Blog Post created by steve.senecal on Jun 27, 2014

This morning around 10 AM, I was asked to join a "HURT" bridge due to an application product that experienced mainframe cpu response time issues. This application product is virtualized in our Cisco UCS infrastructure running VMware vSphere 5.0. When I joined the call I asked for a brief overview. The duty manager provided the following, "yesterday around 1700 a drop in cpu "meaning mainframe com's" occurred. The duty manager wanted to know if there was any impacts, problems, errors within UCS and VMware infrastructure.


Now that you have a reference point, as IT managers we get these calls "a lot", but mine seem to be more in the 2 AM to 4 AM time slot. I guess I got luck this morning.
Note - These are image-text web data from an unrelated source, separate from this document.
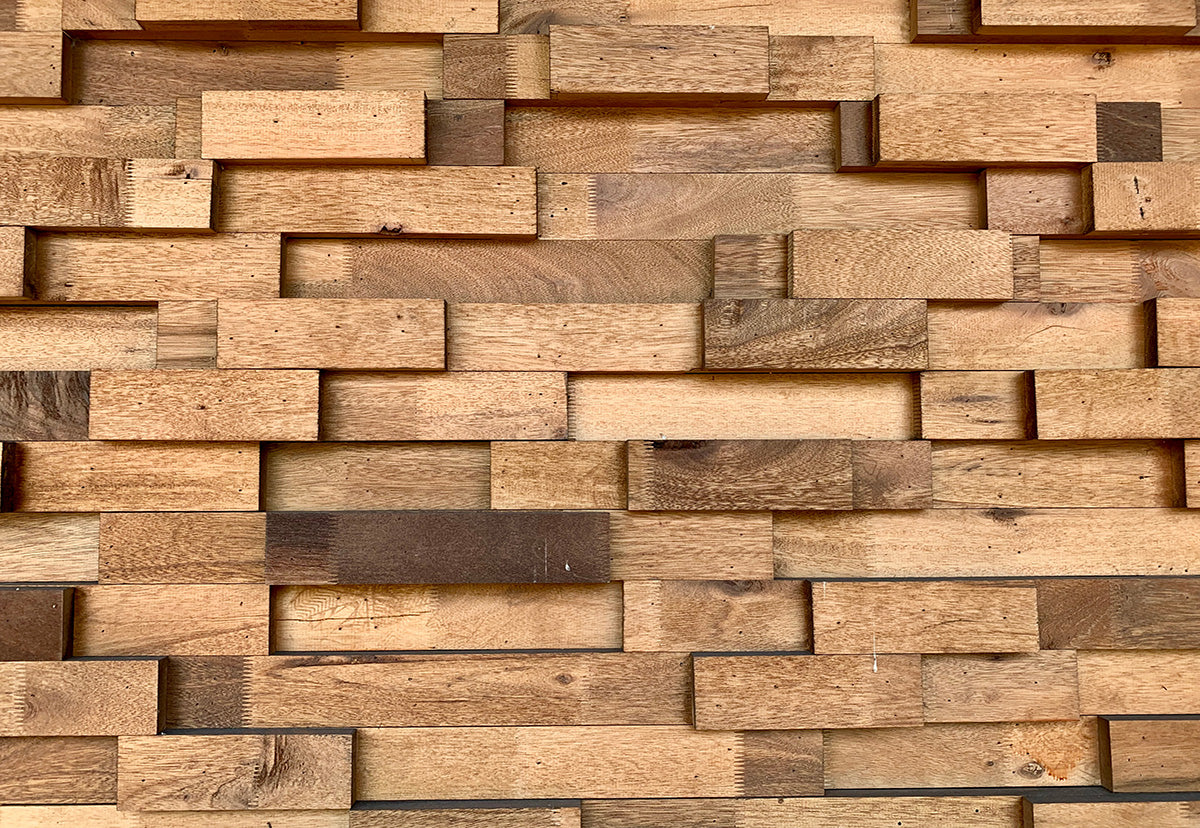 Toile de fond de mur de plancher en bois texture Toile de fond de photographie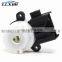 Electronic IGNITION SWITCH FOR TOYOT A AVENSIS COROLLA LEXUS 84450-02010 8445002010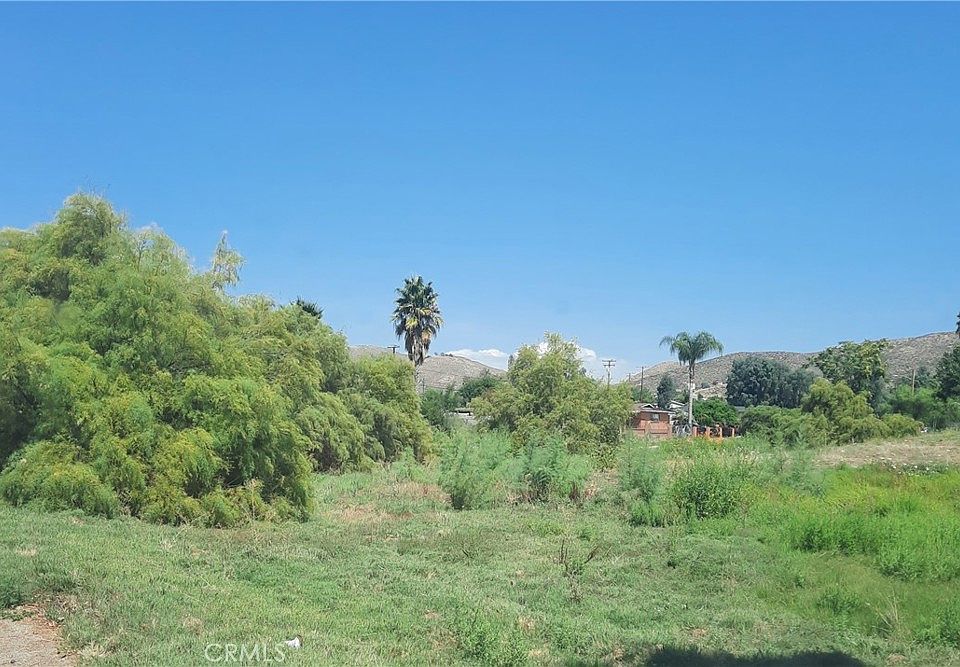 0 Avenida Gaviota Quail Valley CA | Zillow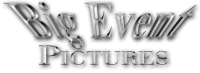 Big Event Pictures cover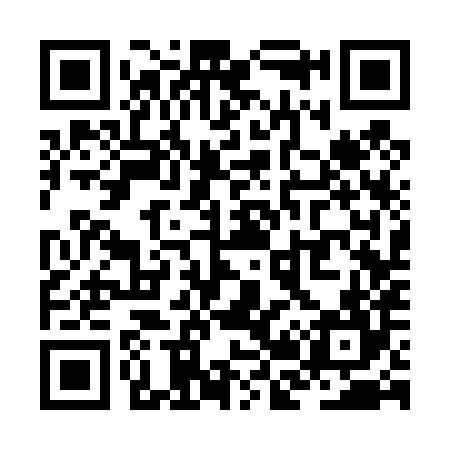 QR code for ZB3484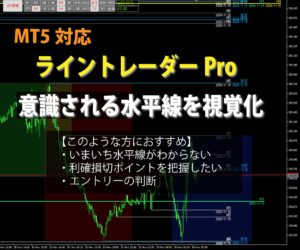 an-indicator-that-visualizes-the-horizontal-line
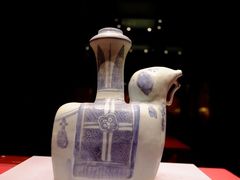 -上海中国航海博物馆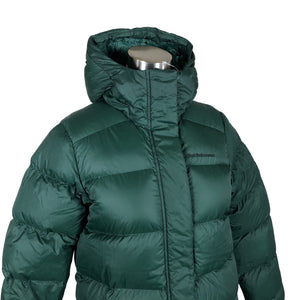Unisex Peak Performance - Untuvatakki, koko 34 -  (3)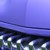 :iconb3no-88: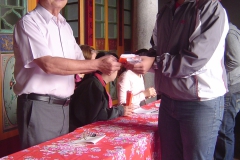 DSC05576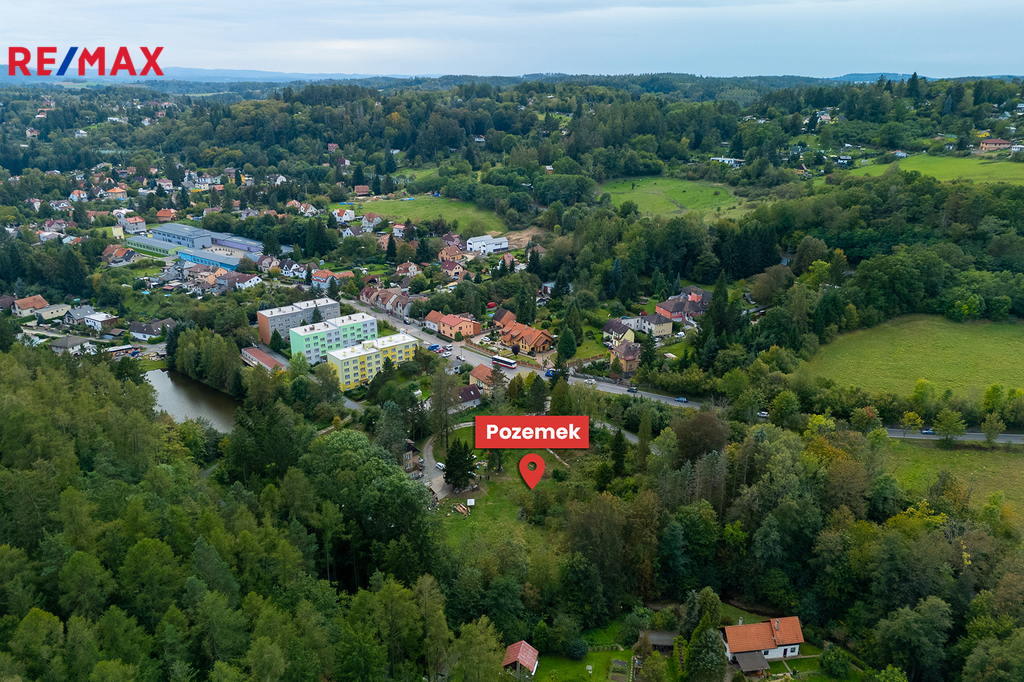 240930-pozemek-mnichovice3-1.jpg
So, I asked the 15 or so folks on the trouble bridge what product was impacted and can someone provide me VM names that were experiencing these time outs. The team quickly sent via IM a list of VM names. While they were sending me those VM names, I was establishing connectivity with our VMTurbo Operations Manager web console. I logged into VMT and immediately went to the supply chain tab... I wanted to start looking at a high-level birds-eye view if there was a problem in my area of responsibility (which is all Cisco UCS and VMware for the company). I copied one of the VMs in question and searched by selecting the "virtual machine" within the supply chain navigation section. I quickly identify what VMware ESXi host the VM was running on and what the "current" utilization was. This helped me to determine what Cisco UCS POD this VM was running in (as we have 80 UCS domains running within our data center's). Meanwhile, the duty manager was commenting that Tivoli and Indicative where seeing errors coming from other Cisco UCS domains "thermal errors in POD35, error accessing shared storage in POD48". I quickly reported back on the bridge that these errors did not contribute to the issues at hand. I also reported that POD25 was the UCS domain where all of the VMs were hosted. I went back to June 26 @ 1700 within VMT and looked at what the power and cooling utilization was and reported this was normal. All network northbound Ethernet/FC and southbound DCE bandwidth was less than 2% utilization. As I reported back all of the vital UCS and VMware infrastructure was normal during the time period in question. We team started looking at other areas (F5 load balancers and mainframe comms). The "HURT" bridge closed down within the hour (which was a first, as these things tend to drag on and on...).


In summary - I have used VMTurbo for several of these trouble calls and I'm able to quickly navigate through all of the confusion "on the bridge" and drill down into the "data" or the facts. VMTurbo has proven itself again this morning, that its not just a VM capacity management tool, but the virtualization infrastructure tool you must have in your IT virtualization toolbox!